US ‘shifts stance’ on Afghan war
By Daniel Dombey in Washington
Published: August 10 2009 19:19 | Last updated: August 10 2009 19:19
The Obama administration has raised the stakes in Afghanistan by expanding the war to include a full-scale attack on illegal narcotics and has authorised the killing or capture of 50 drug lords, according to a report to be released on Tuesday.
The report, prepared for the US Senate foreign relations committee, says President Barack Obama has shifted dramatically from his earlier insistence that he was pursuing narrower goals than the Bush administration in Afghanistan. “The administration has raised the stakes by transforming the Afghan war from a limited intervention into a more ambitious and potentially risky counter-insurgency,” it says.

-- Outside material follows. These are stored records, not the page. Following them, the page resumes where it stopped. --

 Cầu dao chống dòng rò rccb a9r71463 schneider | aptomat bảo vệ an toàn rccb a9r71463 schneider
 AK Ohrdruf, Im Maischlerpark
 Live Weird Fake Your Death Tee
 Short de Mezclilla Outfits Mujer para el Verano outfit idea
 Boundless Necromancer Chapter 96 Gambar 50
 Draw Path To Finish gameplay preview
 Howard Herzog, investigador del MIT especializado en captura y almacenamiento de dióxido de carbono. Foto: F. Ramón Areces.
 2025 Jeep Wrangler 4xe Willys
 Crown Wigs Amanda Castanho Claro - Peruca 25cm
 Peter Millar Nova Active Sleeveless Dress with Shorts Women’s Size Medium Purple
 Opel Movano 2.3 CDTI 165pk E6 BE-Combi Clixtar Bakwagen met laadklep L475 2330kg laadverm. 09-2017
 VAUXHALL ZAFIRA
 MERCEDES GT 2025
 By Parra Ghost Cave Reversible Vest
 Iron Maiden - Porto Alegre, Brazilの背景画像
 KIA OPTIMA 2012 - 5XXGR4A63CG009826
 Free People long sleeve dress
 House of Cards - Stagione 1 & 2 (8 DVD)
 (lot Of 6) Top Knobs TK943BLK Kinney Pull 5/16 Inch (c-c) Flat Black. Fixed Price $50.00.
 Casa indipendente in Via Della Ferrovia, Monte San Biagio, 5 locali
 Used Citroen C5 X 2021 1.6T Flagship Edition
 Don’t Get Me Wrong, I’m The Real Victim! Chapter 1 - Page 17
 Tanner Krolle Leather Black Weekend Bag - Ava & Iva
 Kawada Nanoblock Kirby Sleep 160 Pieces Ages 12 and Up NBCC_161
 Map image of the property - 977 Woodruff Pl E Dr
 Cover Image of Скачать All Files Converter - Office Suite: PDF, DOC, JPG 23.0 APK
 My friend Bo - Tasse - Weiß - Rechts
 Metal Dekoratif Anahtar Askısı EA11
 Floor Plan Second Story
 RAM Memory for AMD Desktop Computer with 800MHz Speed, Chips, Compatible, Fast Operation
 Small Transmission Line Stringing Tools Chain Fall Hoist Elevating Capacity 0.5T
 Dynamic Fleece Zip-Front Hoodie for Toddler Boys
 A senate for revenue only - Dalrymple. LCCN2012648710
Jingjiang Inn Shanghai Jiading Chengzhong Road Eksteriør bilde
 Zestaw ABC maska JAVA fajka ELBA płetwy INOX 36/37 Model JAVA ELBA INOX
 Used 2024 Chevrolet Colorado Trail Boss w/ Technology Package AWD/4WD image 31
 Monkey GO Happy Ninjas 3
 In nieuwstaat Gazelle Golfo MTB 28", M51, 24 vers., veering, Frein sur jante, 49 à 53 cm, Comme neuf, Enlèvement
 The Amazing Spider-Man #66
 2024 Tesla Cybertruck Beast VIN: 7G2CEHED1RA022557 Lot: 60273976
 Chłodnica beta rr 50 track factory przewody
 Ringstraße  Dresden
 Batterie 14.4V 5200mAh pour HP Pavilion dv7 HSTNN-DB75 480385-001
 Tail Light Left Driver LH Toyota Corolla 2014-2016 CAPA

While Mr Obama said in February the US would focus on preventing the Taliban and al-Qaeda from re-establishing themselves and discounted any ambition to set up a “Jeffersonian democracy” in Afghanistan, his administration’s subsequent policy review called for a “comprehensive” approach to the insurgency.
The administration is not due to spell out its precise measures for success until September. But officials now give greater emphasis to the need to improve governance and the Afghan economy if the insurgency is to be defeated, while General Stanley McChrystal, the new US commander in the country, is expected to call for more resources.